Cambridge To Consider More Legal Protections For Polyamorous Relationships

Printed from: https://newbostonpost.com/2023/05/25/cambridge-to-consider-more-legal-protections-for-polyamorous-relationships/

Cambridge city councilors are considering an ordinance that would provide more legal protections for “diverse family and relationship structures,” including polyamorous relationships involving three or more adults.

The measure, which would add “family and relationship structure” to a list of protected classes in the Cambridge municipal code, says that people in polyamorous relationships experience discrimination “due to prejudicial misunderstandings related to the validity and moral fitness” of the relationships.

Cambridge became the second Massachusetts municipality to recognize polyamorous relationships in March 2021.

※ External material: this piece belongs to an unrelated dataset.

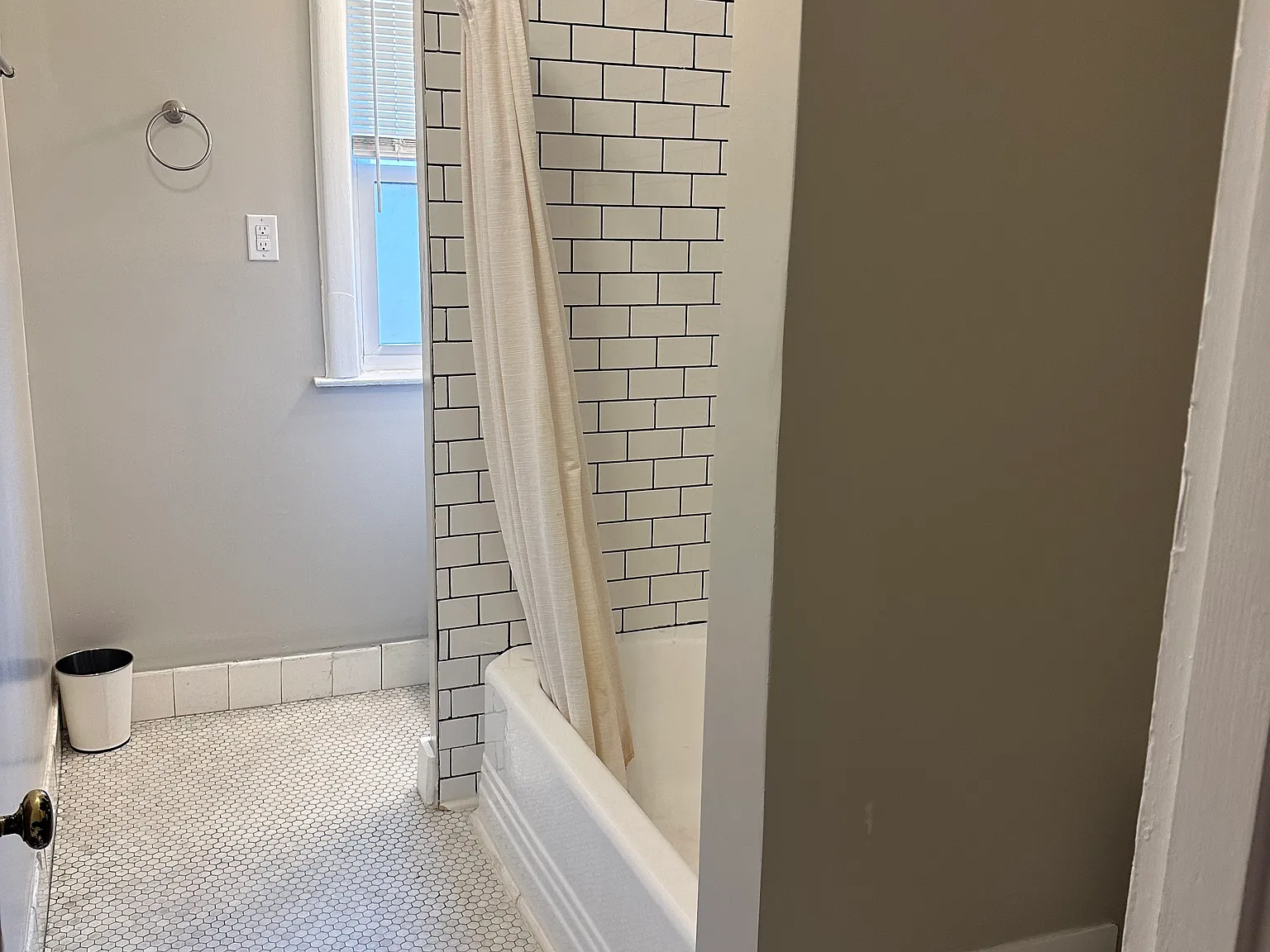 607 W Ormsby Ave — Photo 4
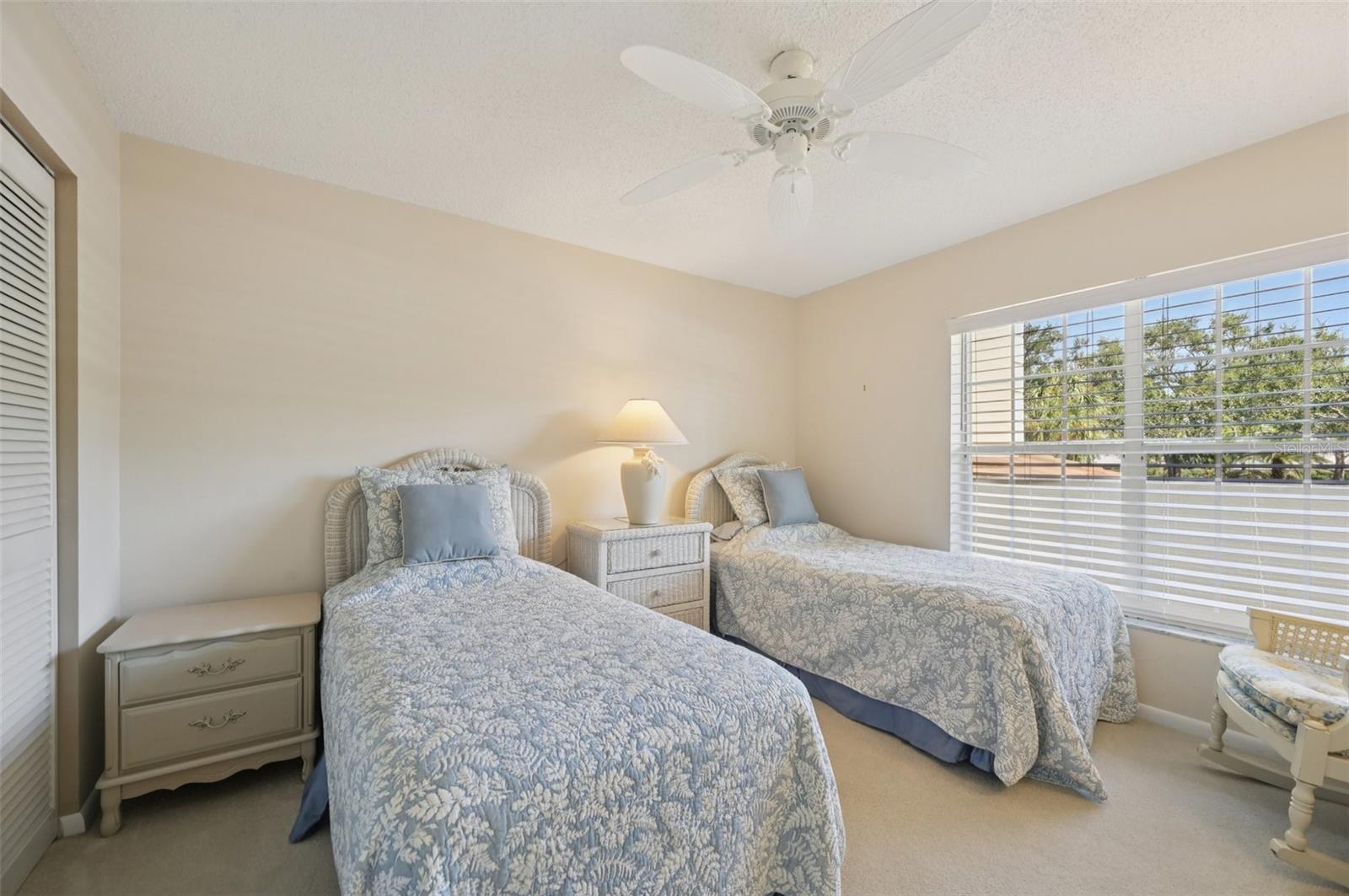 Image 25 of 56 For 824 Wexford Boulevard 824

“When we amended the Domestic Partnership Ordinance in ‘21 to include people in polyamorous relationships for the first time, it was amazing to see and eye-opening how many of our constituents quietly approached us with immense gratitude,” city councilor Quinton Zondervan, who co-sponsored the ordinance with Mayor Sumbol Siddiqui, said during a city council meeting on Monday, May 22.

Zondervan mentioned that advocates have told him that the council “shouldn’t expect people to speak in public comment because those who would be impacted the most by these changes are uncomfortable outing themselves in such a public way.”

“But trust me,” Zondervan continued, “that many of our constituents and city employees would benefit from these protections.”

The full list of relationships to be protected by the ordinance include “multi-partner/multi-parent families and relationships, step families, single parents, diverse family structures, multi-generational households, consensually non-monogamous relationships, and consensual sexual and/or intimate relationships, including asexual and aromantic relationships.”

“Consensually non-monogamous relationships” refers to so-called open marriages, in which partners may live together but do not aim to be sexually faithful to one another.

The city council did not vote on the proposed ordinance on May 22 because city councilor Denise Simmons exercised her charter right to delay voting for one meeting so she could talk privately with the sponsors of the ordinance.

Councilors Simmons and Zondervan and Mayor Siddiqui could not be reached for comment by NewBostonPost.

Three Massachusetts municipalities recognize polyamorous relationships:  Arlington, Cambridge, and Somerville.

Somerville took a similar action to the one Cambridge is considering this past April.